Remedial action plans, or RAPs, to restore Areas of Concern date back to 1985. In response to a recommendation from the International Joint Commission’s Great Lakes Water Quality Board, the Great Lakes states, province of Ontario, and the Canadian and US federal governments committed to developing and implementing RAPs to restore impaired “beneficial uses” in each Great Lakes Area of Concern (AOC) within their political boundaries. This commitment was codified in the 1987 Protocol to the Great Lakes Water Quality Agreement.

Each RAP was to identify impaired uses and causes, actions needed to restore these impairments, the agencies or organizations responsible for implementing the actions, and the timeframe for implementation to increase accountability. Further, RAPs were to adopt an ecosystem approach that accounts for the interrelationships among air, water, land and all living things including humans, and involves all user groups in management.

Key lessons learned from recent research on the cleanup of these toxic “hot spots” include:

  • Adopt an ecosystem approach to build capacity for use restoration and create a sense of local ownership
  • Ensure meaningful public participation toward a viable desired future state
  • Engage local leaders and recruit a high-profile champion
  • Establish a compelling vision with clear goals
  • Establish measurable targets for use restoration and delisting as an AOC
  • Practice adaptive management and involve research scientists
  • Build partnerships
  • Pursue collaborative and creative financing
  • Build a record of success and celebrate it frequently
  • Quantify benefits.

As of 2017, seven AOCs have been delisted, two have been designated as Areas of Concern in Recovery, 67 of 146 known use impairments have been restored in Canadian AOCs, and 73 of 255 known use impairments have been restored in U.S. AOCs.

In 2017, on the 32nd anniversary of the commitments to RAPs and the 30th anniversary of inclusion in the Great Lakes Water Quality Agreement, a two-day symposium titled “Restoring Great Lakes Areas of Concern” was convened at the 60th annual meeting of the International Association for Great Lakes Research.

Sponsors included the IJC and the Aquatic Ecosystem Health and Management Society, International Association for Great Lakes Research, Great Lakes Commission, and U.S. Fish and Wildlife Service’s Detroit River International Wildlife Refuge.
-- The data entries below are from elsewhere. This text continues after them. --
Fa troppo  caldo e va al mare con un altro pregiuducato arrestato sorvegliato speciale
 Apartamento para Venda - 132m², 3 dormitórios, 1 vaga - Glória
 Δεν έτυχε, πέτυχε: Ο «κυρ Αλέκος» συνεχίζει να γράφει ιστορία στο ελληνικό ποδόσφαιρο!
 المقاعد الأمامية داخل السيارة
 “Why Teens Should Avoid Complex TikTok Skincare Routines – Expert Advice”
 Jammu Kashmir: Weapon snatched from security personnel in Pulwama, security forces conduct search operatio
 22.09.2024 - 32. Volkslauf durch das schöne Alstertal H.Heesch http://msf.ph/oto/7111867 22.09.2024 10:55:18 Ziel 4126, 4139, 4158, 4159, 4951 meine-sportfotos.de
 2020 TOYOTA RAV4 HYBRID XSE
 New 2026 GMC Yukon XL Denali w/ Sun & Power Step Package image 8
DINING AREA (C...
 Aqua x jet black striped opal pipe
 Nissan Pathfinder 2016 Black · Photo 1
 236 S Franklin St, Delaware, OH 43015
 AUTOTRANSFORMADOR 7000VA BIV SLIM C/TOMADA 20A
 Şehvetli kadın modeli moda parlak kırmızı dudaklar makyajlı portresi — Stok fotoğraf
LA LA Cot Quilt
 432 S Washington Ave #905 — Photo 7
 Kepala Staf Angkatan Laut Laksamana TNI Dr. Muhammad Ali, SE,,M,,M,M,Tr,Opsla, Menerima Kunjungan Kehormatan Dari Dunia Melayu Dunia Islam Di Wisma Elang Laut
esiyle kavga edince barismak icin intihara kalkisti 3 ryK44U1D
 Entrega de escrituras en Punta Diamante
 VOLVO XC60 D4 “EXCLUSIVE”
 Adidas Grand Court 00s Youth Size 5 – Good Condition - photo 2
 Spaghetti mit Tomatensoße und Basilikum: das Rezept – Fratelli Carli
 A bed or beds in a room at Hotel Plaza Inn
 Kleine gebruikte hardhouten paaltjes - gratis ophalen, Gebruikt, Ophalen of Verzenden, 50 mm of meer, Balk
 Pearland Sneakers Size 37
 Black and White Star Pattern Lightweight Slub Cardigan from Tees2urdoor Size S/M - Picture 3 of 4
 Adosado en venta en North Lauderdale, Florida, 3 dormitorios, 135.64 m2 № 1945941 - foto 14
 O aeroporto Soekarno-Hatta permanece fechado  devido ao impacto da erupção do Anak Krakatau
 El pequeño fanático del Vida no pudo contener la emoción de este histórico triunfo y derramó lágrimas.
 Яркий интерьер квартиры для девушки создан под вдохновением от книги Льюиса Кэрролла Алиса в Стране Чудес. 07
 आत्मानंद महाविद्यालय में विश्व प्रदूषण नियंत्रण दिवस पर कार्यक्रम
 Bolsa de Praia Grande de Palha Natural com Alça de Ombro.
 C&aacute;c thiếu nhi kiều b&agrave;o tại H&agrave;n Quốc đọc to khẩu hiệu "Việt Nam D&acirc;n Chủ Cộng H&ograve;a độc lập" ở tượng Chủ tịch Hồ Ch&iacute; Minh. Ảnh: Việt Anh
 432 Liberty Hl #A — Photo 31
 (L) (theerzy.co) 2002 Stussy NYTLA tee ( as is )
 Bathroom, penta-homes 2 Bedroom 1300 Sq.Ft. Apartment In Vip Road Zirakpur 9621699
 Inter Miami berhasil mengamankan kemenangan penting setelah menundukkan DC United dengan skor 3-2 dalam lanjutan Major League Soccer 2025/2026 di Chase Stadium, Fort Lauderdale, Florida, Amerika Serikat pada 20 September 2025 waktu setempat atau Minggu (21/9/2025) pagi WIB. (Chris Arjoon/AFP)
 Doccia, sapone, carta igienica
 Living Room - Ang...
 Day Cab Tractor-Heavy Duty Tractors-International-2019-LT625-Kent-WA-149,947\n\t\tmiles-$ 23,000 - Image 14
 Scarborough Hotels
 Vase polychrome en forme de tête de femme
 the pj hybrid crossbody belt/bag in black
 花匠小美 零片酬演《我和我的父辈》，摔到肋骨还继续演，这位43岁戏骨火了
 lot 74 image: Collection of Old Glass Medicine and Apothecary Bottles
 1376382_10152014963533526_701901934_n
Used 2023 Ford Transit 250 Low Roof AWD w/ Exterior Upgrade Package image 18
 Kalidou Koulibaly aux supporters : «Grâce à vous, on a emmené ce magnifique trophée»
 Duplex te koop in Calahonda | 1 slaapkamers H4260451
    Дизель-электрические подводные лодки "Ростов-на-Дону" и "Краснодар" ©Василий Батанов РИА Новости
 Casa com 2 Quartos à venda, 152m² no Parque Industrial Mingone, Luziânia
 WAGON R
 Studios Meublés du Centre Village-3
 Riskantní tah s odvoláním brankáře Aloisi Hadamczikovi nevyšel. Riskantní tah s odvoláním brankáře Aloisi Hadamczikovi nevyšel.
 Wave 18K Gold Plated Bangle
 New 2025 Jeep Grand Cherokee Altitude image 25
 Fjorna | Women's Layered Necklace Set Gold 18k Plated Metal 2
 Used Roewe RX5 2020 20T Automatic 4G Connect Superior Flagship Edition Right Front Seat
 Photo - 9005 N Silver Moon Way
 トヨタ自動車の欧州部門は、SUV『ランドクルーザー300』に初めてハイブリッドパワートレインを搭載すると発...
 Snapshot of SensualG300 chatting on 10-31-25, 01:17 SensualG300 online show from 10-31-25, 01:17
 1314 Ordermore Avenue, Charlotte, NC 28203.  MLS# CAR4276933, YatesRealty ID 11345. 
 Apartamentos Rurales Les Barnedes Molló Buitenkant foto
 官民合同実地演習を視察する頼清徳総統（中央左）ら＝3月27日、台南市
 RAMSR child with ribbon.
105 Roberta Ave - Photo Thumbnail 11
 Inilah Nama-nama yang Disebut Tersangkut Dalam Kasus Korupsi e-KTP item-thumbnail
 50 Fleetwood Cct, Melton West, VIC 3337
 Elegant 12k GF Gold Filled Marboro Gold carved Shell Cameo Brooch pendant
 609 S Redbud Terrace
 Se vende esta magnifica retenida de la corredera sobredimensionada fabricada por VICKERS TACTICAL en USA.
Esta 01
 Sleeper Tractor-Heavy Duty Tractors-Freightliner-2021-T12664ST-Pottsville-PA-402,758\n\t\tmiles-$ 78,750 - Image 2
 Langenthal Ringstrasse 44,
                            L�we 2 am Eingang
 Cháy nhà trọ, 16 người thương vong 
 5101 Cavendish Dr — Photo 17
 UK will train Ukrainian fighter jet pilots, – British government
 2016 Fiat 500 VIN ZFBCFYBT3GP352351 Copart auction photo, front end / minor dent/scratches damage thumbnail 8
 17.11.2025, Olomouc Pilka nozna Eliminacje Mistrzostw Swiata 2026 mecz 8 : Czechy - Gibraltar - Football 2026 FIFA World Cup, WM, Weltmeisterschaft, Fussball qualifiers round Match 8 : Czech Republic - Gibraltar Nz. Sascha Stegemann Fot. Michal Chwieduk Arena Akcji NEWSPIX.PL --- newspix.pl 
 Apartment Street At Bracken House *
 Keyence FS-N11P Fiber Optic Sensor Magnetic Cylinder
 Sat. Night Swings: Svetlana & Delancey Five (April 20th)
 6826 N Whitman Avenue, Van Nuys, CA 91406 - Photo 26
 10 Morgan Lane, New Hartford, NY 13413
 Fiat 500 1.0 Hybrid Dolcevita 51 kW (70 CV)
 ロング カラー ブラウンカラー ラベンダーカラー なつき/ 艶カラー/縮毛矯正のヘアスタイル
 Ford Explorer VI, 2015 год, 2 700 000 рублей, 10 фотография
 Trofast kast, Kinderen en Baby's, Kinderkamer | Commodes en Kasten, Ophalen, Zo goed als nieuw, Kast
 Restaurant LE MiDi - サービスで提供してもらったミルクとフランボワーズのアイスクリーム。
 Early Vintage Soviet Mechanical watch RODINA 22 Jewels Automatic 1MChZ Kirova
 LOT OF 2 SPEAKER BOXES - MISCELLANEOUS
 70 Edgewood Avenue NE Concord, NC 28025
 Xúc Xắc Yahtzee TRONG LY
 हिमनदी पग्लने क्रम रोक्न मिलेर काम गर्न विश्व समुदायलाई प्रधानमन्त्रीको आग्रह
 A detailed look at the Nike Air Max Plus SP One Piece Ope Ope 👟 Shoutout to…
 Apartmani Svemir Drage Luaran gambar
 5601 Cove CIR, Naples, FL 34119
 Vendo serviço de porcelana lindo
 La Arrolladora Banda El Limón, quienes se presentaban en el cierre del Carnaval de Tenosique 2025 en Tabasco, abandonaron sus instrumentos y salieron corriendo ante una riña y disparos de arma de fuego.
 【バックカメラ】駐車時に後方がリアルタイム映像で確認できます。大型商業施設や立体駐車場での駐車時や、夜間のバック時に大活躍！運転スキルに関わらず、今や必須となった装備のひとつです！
The purpose was to review what has been achieved and learned since the onset of RAPs to restore AOCs. In total, 27 papers and five posters were presented. Selected papers from this symposium will soon be published in a special issue of the Journal of Aquatic Ecosystem Health and Management (AEHMS). In addition, an AOC book is being written that will be published as part of AEHMS’s Ecovision World Monograph Series.

John Hartig recently completed an appointment as a Fulbright Scholar at the Balsillie School of International Affairs in Waterloo, Ontario, where he performed interdisciplinary research on AOCs.  He is the Great Lakes Science-Policy director of the International Association for Great Lakes Research.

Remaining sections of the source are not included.